Dans cette affaire, les acheteurs réclament une indemnité de 49 000 $ pour la stabilisation des fondations de leur maison et des dépenses afférentes suite à la découverte d’un vice de construction apparu quelques mois après la vente, malgré une dénonciation de fissures existantes et une exclusion de la garantie légale. Le vendeur appelle son propre vendeur en garantie pour une transaction datant de plus de 20 ans.
Dès leur visite préachat à l’automne 2012, les acheteurs Boudreault et Gouin constatent une dénivellation du plancher de la salle à manger. Ils s’informent auprès du vendeur quant à la cause de cette dénivellation et des fissures apparentes au sous-sol.
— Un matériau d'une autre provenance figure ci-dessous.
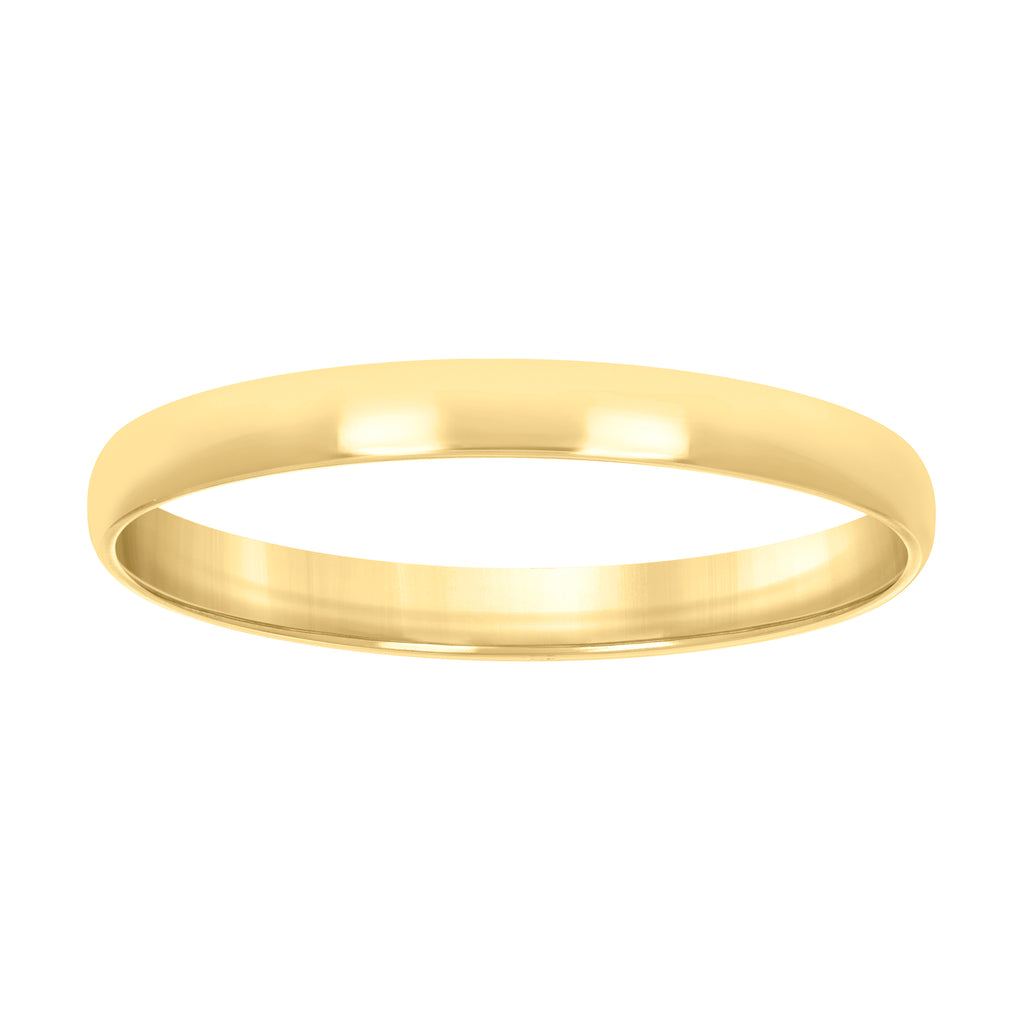 10K Yellow Gold Unisex 2mm Regular-Fit Wedding Band Ring Size 10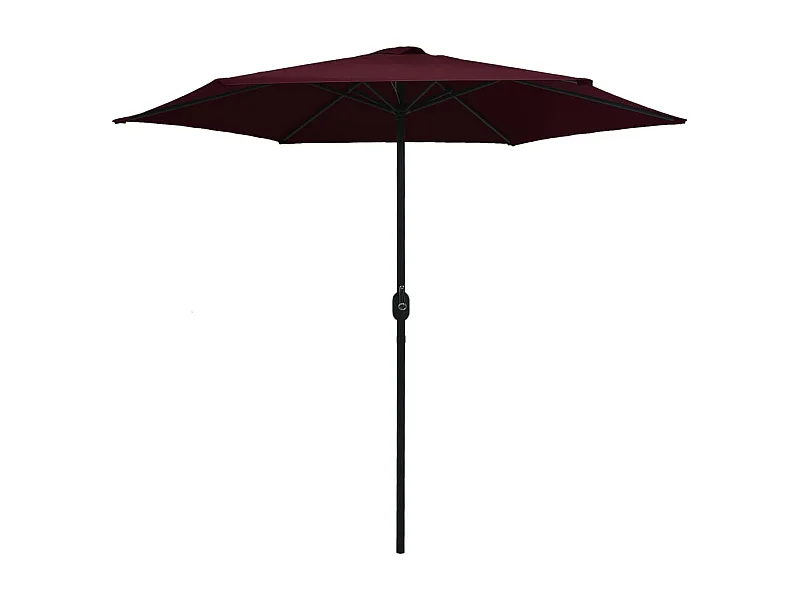 Qerlan  Parasol de jardin et mât en aluminium 270x246 cm rouge bordeaux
Leur vendeur, M. Boily, les rassure alors qu’il n’y a eu aucune nouvelle dénivellation depuis la réparation qui a été faite, il y a plus de 20 ans, avant qu’il achète lui-même la maison en 1991. M. Boily a d’ailleurs suivi et noté l’évolution des fissures à travers les années et confirme aux acheteurs avoir appris à vivre avec ce petit inconvénient. Les acheteurs ne poussent pas plus avant leurs recherches et négocient plutôt une réduction du prix de vente correspondant à ce vice apparent qu’ils évaluent à 10 000$. Une clause excluant la garantie légale quant aux fissures est ajoutée au contrat de vente.
Toutefois, quelques mois après l’achat, les acheteurs constatent de nouvelles fissures et une détérioration à l’intérieur de la résidence au niveau des fenêtres, du plancher et des murs et l’affaissement de la propriété. À la suite de ces constatations, les acheteurs procèdent à une expertise des fondations et du sol. L’expert attribue alors les fissures et l’affaissement de la maison au fait que le solage est fondé à cheval sur un roc à l’avant et sur des dépôts de matériaux de remblai et de glaise à l’arrière. Le tassement différentiel du sol sous la fondation à l’arrière constitue, selon lui, un vice de construction grave qui affecte la valeur de l’immeuble.
Après avoir dénoncé la problématique à leur vendeur, les acheteurs effectuent les réparations, au coût de 49 226.17$ qu’ils réclament, moins la somme de 10 000$ qu’ils avaient envisagé d’investir en rénovation et réparation lors de la découverte des fissures au moment de l’inspection préachat. Toutefois, ils réclament une somme de 10 000$ à titre de troubles et inconvénients notamment pour le temps consacré aux travaux de réparation (plus de 386 h).
Pour le Tribunal, le véritable vice caché est la construction sur un sol partiellement instable à l’arrière de la résidence. Ce vice date de la période de la construction (1985), et il a fallu attendre l’expertise réalisée par les acheteurs pour en constater l’existence et l’ampleur. Il s’agit donc d’un vice caché au sens de l’art. 1726 du Code civil du Québec qui est imputable à l’ensemble des vendeurs. Toutefois, comme ce vice leur était inconnu, les vendeurs sont exonérés du paiement des dommages et intérêts affairant à ce vice. Le juge détermine que les acheteurs doivent obtenir une réduction du prix d’achat équivalant au montant des travaux de réparation moins la somme de 10 000$ qu’ils avaient obtenue lors de la vente, pour un montant total de 25 877.04 $, incluant une indemnité de 5 000$ pour le temps consacré aux travaux, soit au total environ 6% de la valeur de l’immeuble.
En ce qui concerne le premier vendeur de l’immeuble, selon le même raisonnement, et rappelant que la prescription n’est applicable qu’au moment de la connaissance du vice, le Tribunal établit sa responsabilité à la somme de 5 770$, soit ce même pourcentage de 6% de la valeur de l’immeuble, mais calculé sur le prix de la vente en 1991, moins la dépréciation pour les 21 années d’occupation paisible.
En résumé, même 20 ans plus tard, vous pouvez être tenus responsables d’un vice de construction qui affecte une propriété que vous avez vendue. En cas de doute, consulter un expert.
Me Sébastien Tisserand
Juin 2017
Ce bulletin ne constitue pas un avis juridique et a été rédigé uniquement afin d’informer les lecteurs. Ces derniers ne devraient pas agir ou s’abstenir d’agir en fonction uniquement de cette chronique. Il est recommandé de consulter à cette fin leur conseiller juridique.